Your goal:
Your answer must match, word for word, the lines from the one holding "(1-1227) Gold Laminate - Long Earrings - BGF" through the final line below, with pictures excluded.

Provided material:
○ ○ ○ ○ ○ ○ ○
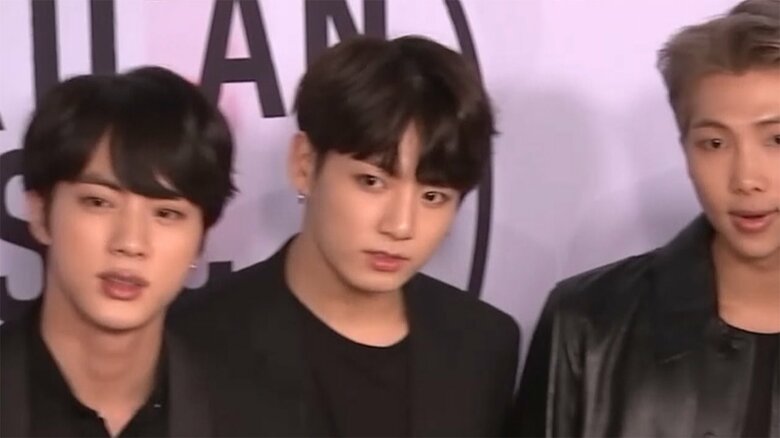 BTSメンバーのJUNGKOOKさん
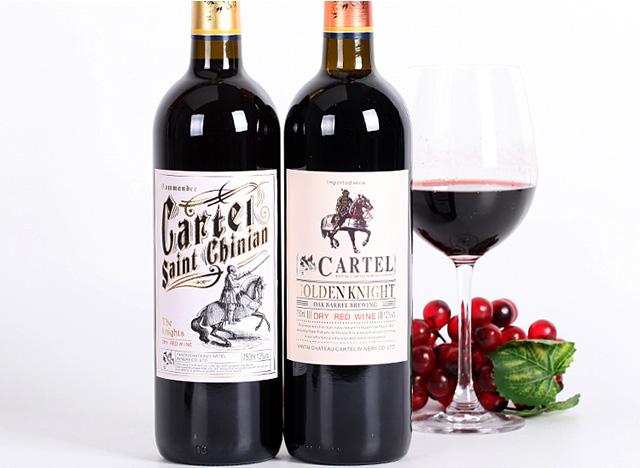 cartel 卡特尔法国原酒进口干红葡萄酒750ml*2瓶 金骑士1瓶,指挥官1瓶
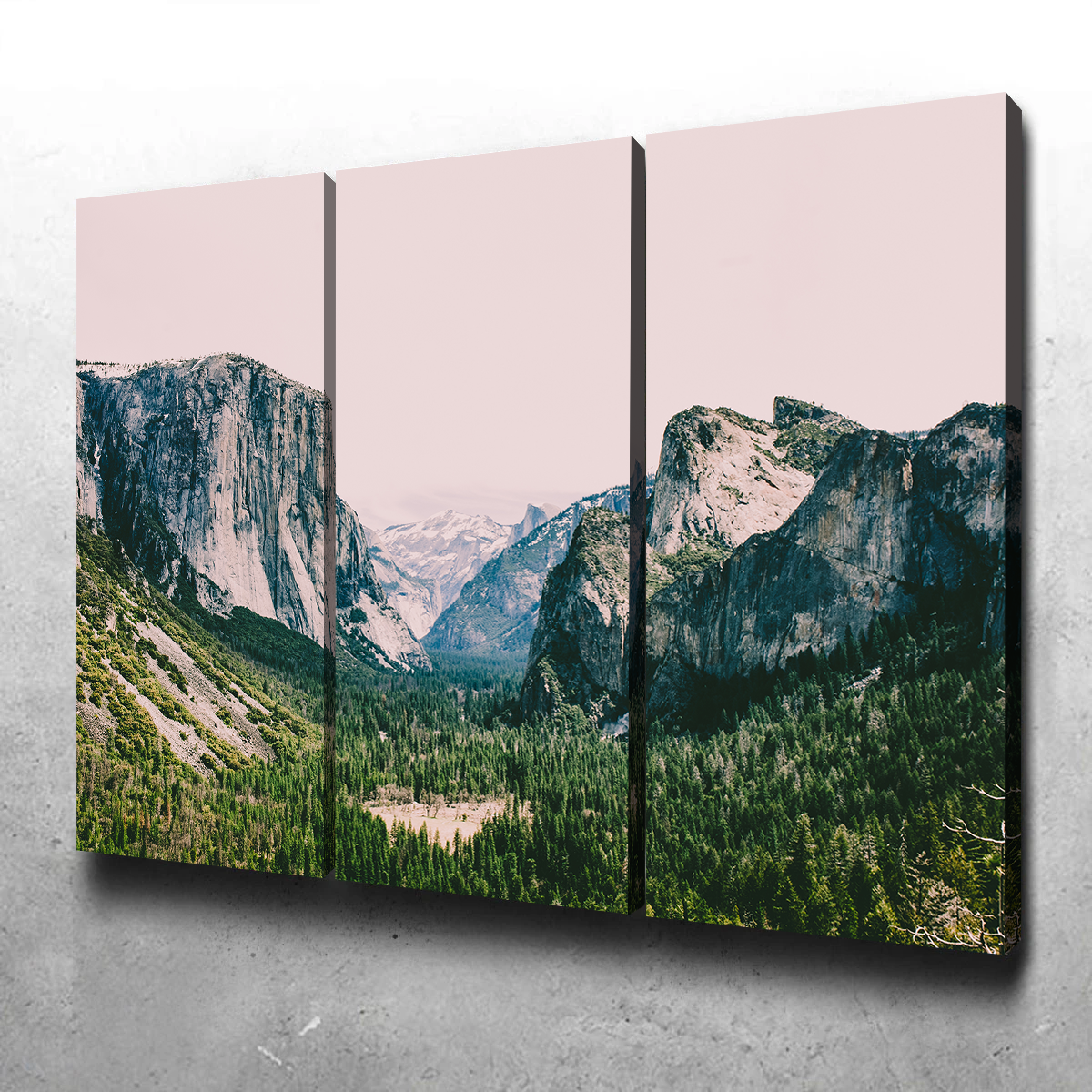 Stunning Pink Yosemite Wall Art by Kyle Sherry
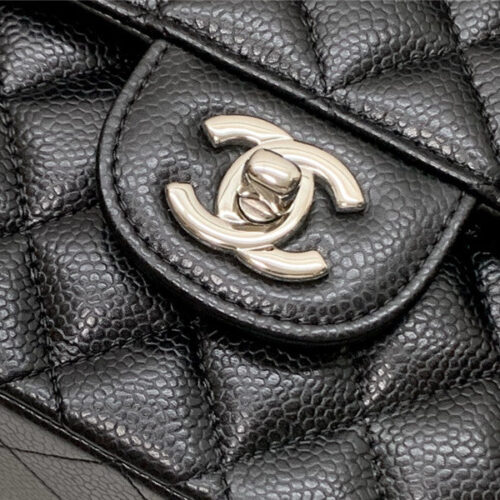 High Quality Luxury Chanel Classic Flap Caviar Leather Shoulder Bag product detail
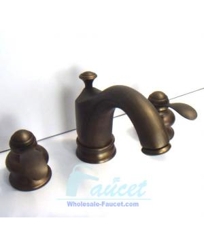 Antique Brass Widespread Bathroom Faucet 6061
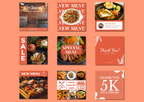 Restaurant Social Media Templates - 60 เทมเพลต Canva สำหรับร้านอาหาร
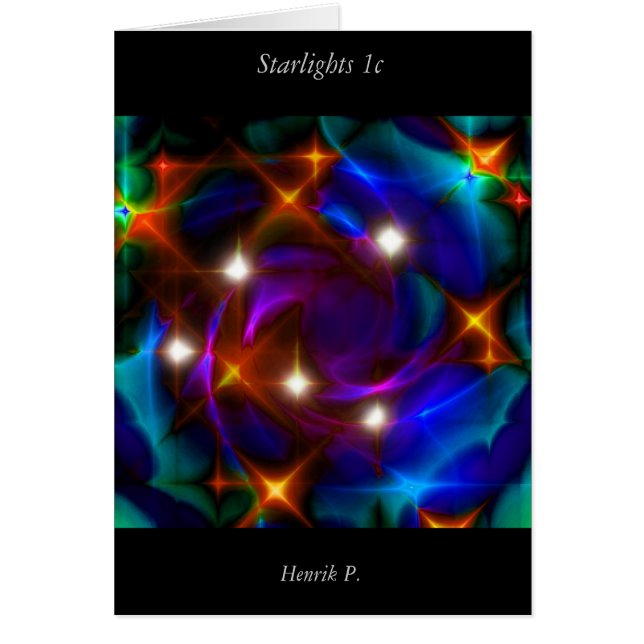 Luces de las estrellas #1c (tarjeta) (Frente)
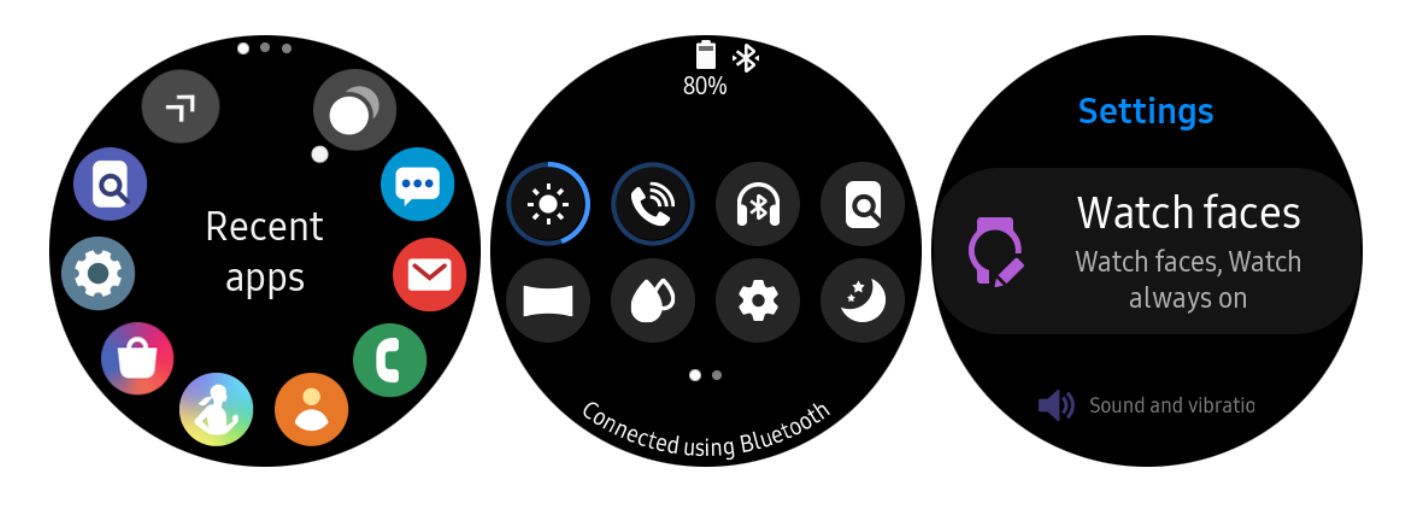 Samsung One UI Watch faces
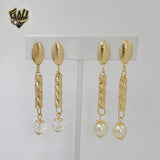 (1-1227) Gold Laminate - Long Earrings - BGF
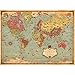 FFLFFL Puzzle classique de 4000 pièces pour adultes - Carte du monde 1680 - Cadeau pour toute la famille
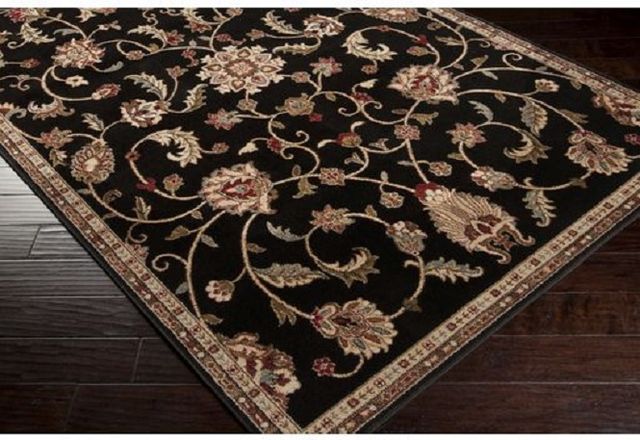 Surya Riley Black 8' Round Rug-3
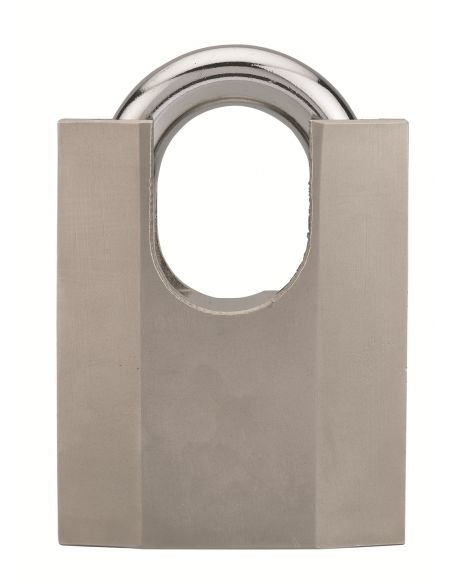 Lacat cu cheie Octo-P, otel, pentru santier, arc protejat din otel, 60mm, 3 chei - 1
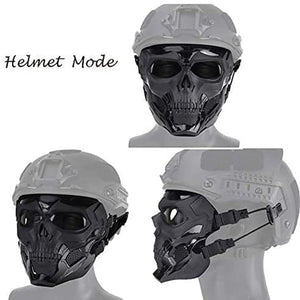 HARDLAND Airsoft Mask Full Face Paintball Mask Anti Fog and Goggles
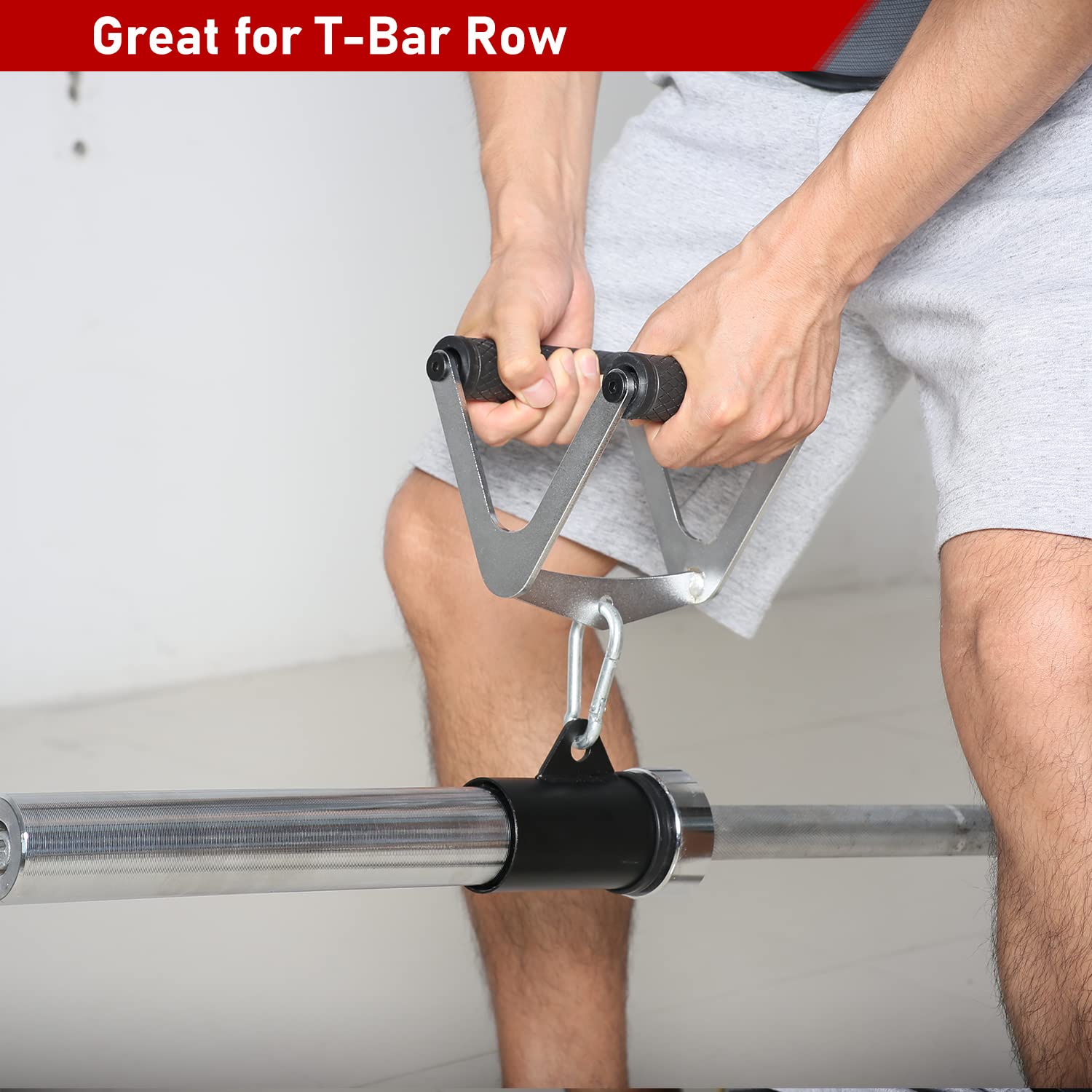 Poignée Parallèle Pour Musculation - Barre Triceps/biceps, Câble, Mousqueton Inclus, Charge 200 Kg - 9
○ ○ ○ ○ ○ ○ ○
Task output:
 (1-1227) Gold Laminate - Long Earrings - BGF
 FFLFFL Puzzle classique de 4000 pièces pour adultes - Carte du monde 1680 - Cadeau pour toute la famille
 Surya Riley Black 8' Round Rug-3
 Lacat cu cheie Octo-P, otel, pentru santier, arc protejat din otel, 60mm, 3 chei - 1
 HARDLAND Airsoft Mask Full Face Paintball Mask Anti Fog and Goggles
 Poignée Parallèle Pour Musculation - Barre Triceps/biceps, Câble, Mousqueton Inclus, Charge 200 Kg - 9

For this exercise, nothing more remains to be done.